My concern for the children of Northeast Vernon County is passionate, and I would encourage you to go to the polls and vote against the proposition to annex the schools to Nevada. Nevada has a fine school system, and they will continue to meet their challenges and provide well for their students. Schell City and Walker can do the same for theirs.
When Schell City went through the first MSIP cycle, the people of the district, the school board, administration and staff worked tirelessly to meet the requirements, and we were successful. Schell City was accredited. Members of the community came in and built a building to house the art and music departments. When library facilities needed expanding to meet state requirements, the district patrons were there with hammers to put up an extension on the building. The district would not disintegrate under the demands of Missouri School Improvement. Together, administrators and staff wrote a five-year plan of improvement and received the support of the school board that satisfied state requirements. Walker's school went through the same trials that Schell City experienced.
When both districts reached a point when the two could not survive separately due to finances of one and the accreditation of the other, the boards and communities made the wise decision to join together as one district. The children's best interests were put ahead of personal feelings. In spite of the naysayers, the children accepted their new identity, and a new school came into being using the wise heads, the staffs, the boards, the talents and ideas of both districts. Today you have a very viable school, which is satisfactorily meeting the requirements of the Missouri Department of Education.
The state requirements for school districts are rigid and schools, large and small, across the state struggle annually to meet the APR standards. The requirements are the same for all schools. Some meet them and are accredited with distinction; some don't measure up, but have the opportunity to evaluate, write new plans, and continue.
Patrons can review their districts APR status on the DESE Web site. The current data reflects that NEVC met standards in math, attendance and graduation and did not meet communication arts. The same data reported for the Nevada Schools is attendance standards, met; communication arts, math and graduation, not met. I can assure you that administrators and staffs of both districts are working vigorously to meet those standards for the next year.
I know personally administrators and board of education members at NEVC, and I know they are dedicated, hard-working people who are giving their all for the district.
Parents, children need extra-curricular activities to balance their educational development and experience. Competition in music, speech, debate, athletics and other extra-curricular activities will be keen in Nevada due simply to the enrollment numbers. If your children make the teams, the drive to Nevada for practices, games, and arriving back at the school campus late in the evening and then having a drive to Schell City and Walker is going to limit the amount of participation for many students.

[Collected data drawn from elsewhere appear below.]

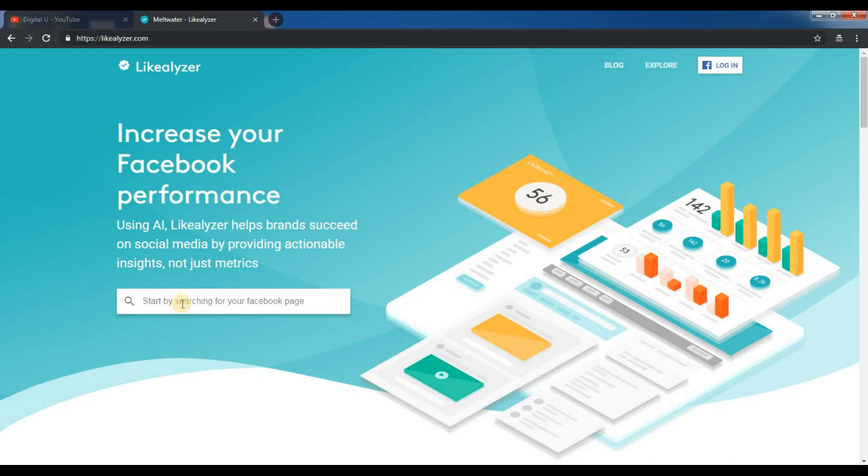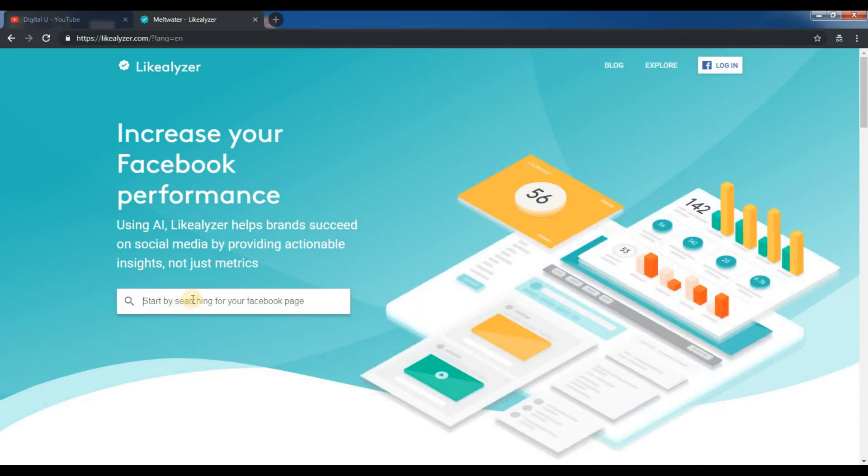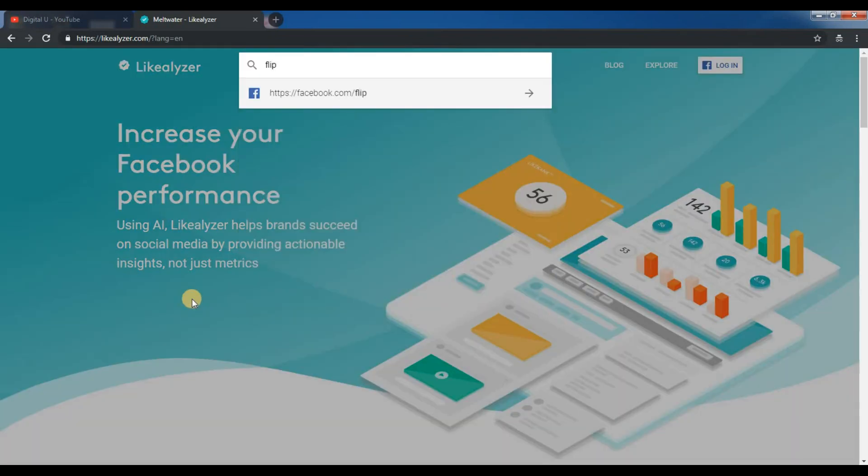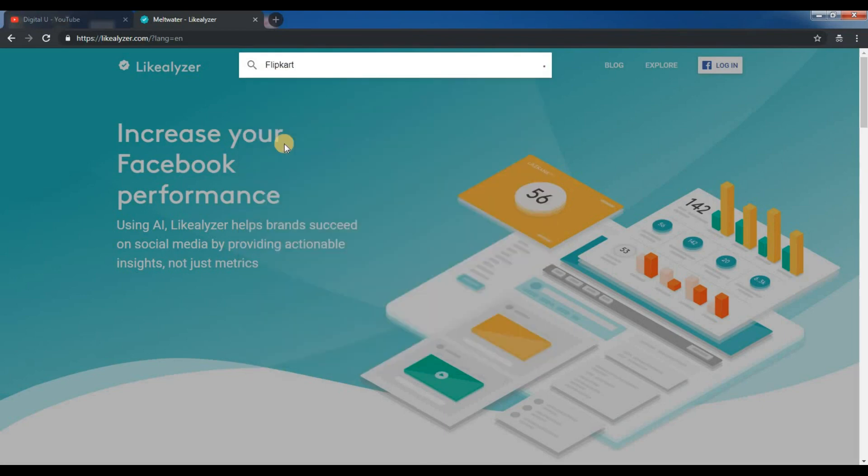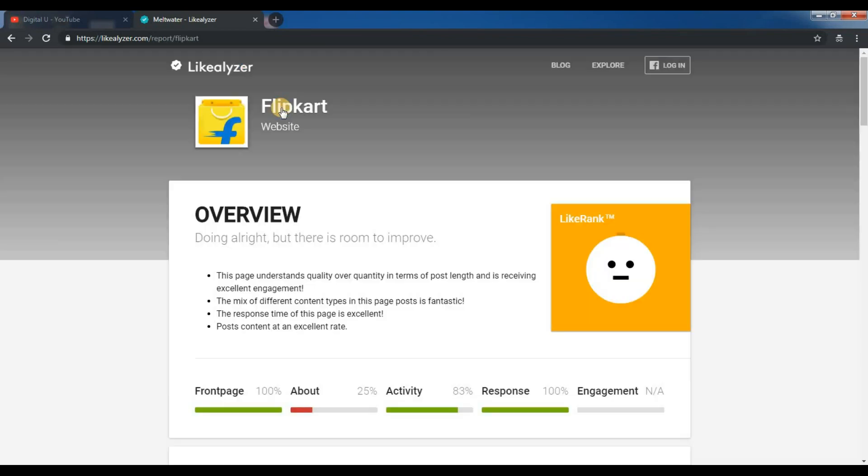Over here, you can either paste the page URL or just search the name of your page. Let me search for an example—I'll put the name Flipkart, facebook.com/flipkart. We'll open it now.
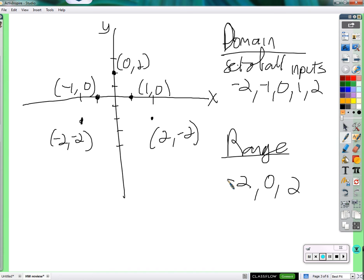Does having negative two appear in both the domain and range violate the definition of a function? No — it would only be a problem if there were two outputs for the input negative two. You can have the same value appear as both an input and an output — that's not having two different outputs. Let's take it back to the beginning and look at the definition carefully.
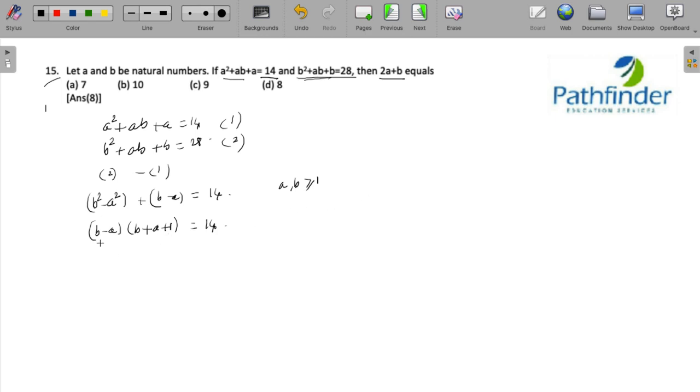So if you factorize 14, I can factorize 14 in two ways: 14 into 1, or 7 into 2.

I currently work part-time in a small district (265 students, PK-12) near Springfield. We have several teachers who bring their children to our small school instead of having them attend schools in Strafford, Lebanon, and Marshfield. The feeling is the children have greater opportunities attending the district with 265 students rather than attending their larger schools. Yes, if they attended the larger school they would have much nicer facilities and varieties of equipment, they would have larger numbers of course offerings, and other amenities, but the personal and meaningful opportunities of the small school is more appealing to these professional people. The small school staff works with children on an individual basis more than larger schools that simply cannot. By the way, we have been "accredited with distinction" the past three years. Small schools work.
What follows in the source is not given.